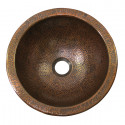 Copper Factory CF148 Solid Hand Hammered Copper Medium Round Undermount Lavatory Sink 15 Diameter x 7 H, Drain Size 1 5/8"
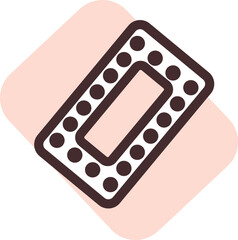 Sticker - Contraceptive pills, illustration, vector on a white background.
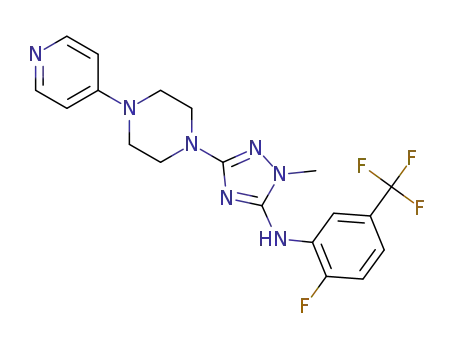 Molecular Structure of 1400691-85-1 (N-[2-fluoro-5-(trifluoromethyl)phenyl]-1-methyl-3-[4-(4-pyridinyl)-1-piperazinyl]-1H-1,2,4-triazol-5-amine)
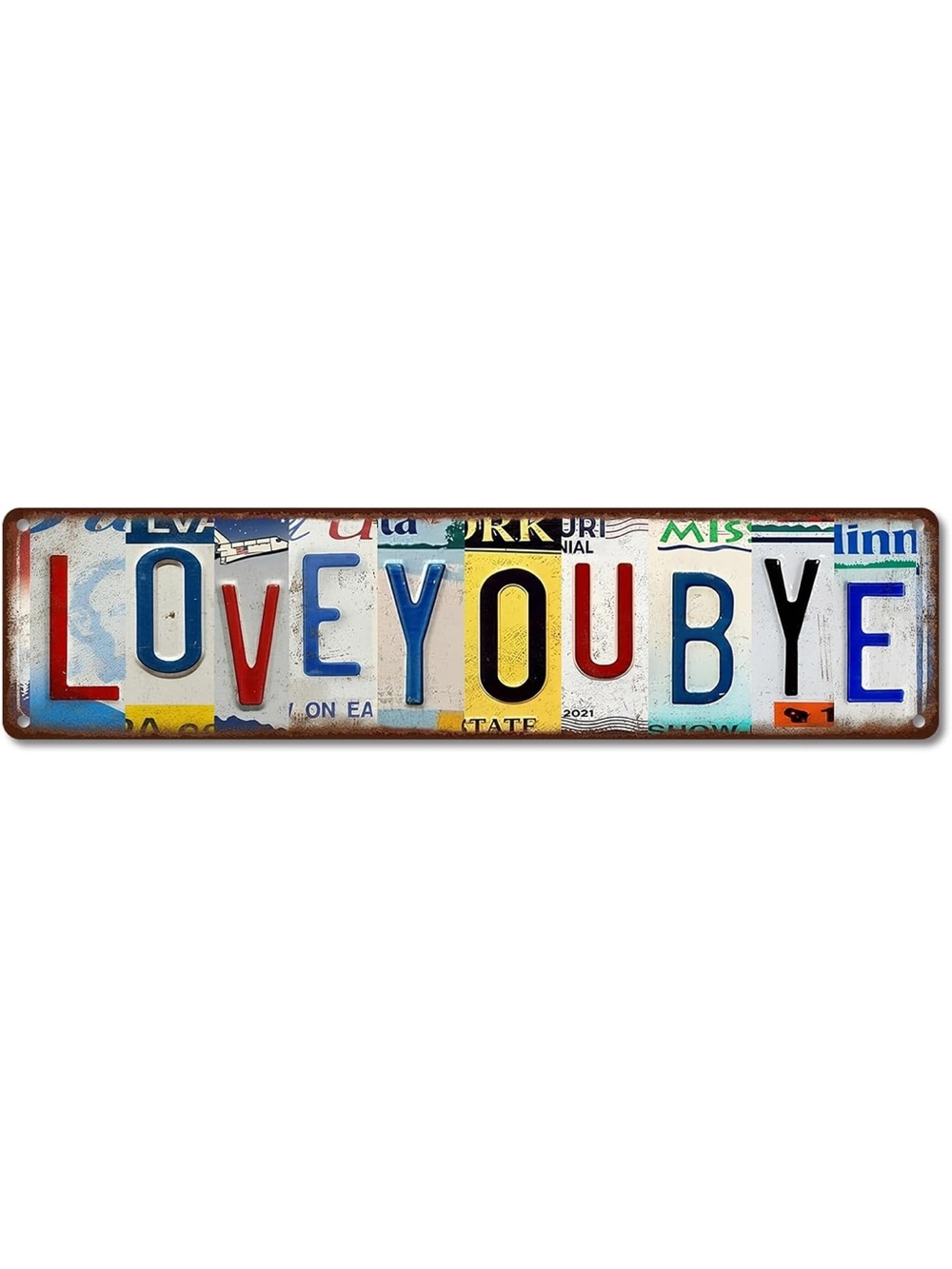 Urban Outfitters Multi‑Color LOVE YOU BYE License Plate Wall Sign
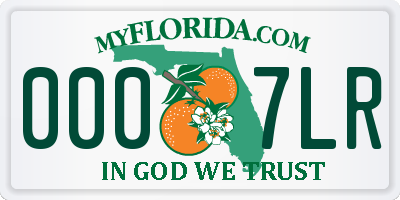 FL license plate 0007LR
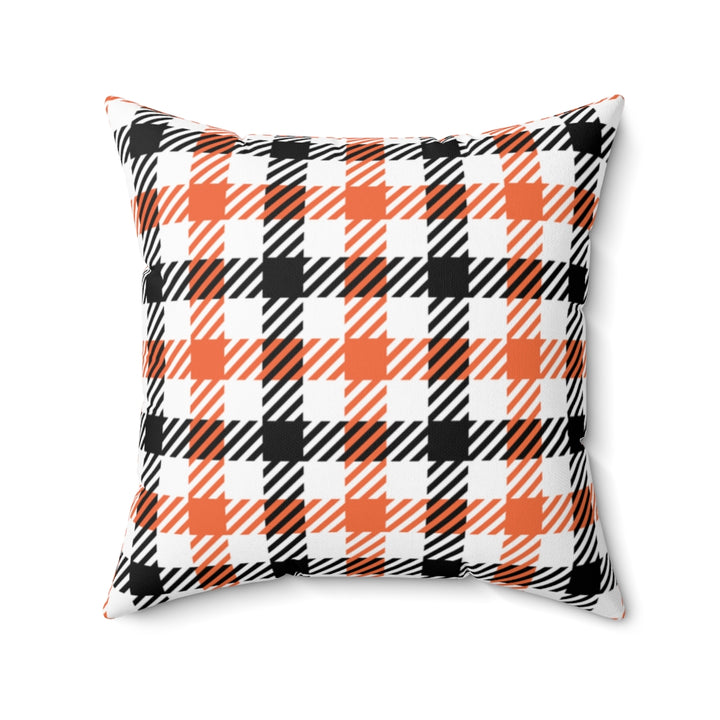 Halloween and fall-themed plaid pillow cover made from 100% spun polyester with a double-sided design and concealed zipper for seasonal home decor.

........

— Exercise description —
Once the pictures are removed, output the entries above exactly as given.

— Solution for this exercise —
 Copper Factory CF148 Solid Hand Hammered Copper Medium Round Undermount Lavatory Sink 15 Diameter x 7 H, Drain Size 1 5/8"
 Sticker - Contraceptive pills, illustration, vector on a white background.
 Molecular Structure of 1400691-85-1 (N-[2-fluoro-5-(trifluoromethyl)phenyl]-1-methyl-3-[4-(4-pyridinyl)-1-piperazinyl]-1H-1,2,4-triazol-5-amine)
 Urban Outfitters Multi‑Color LOVE YOU BYE License Plate Wall Sign
 FL license plate 0007LR
 Halloween and fall-themed plaid pillow cover made from 100% spun polyester with a double-sided design and concealed zipper for seasonal home decor.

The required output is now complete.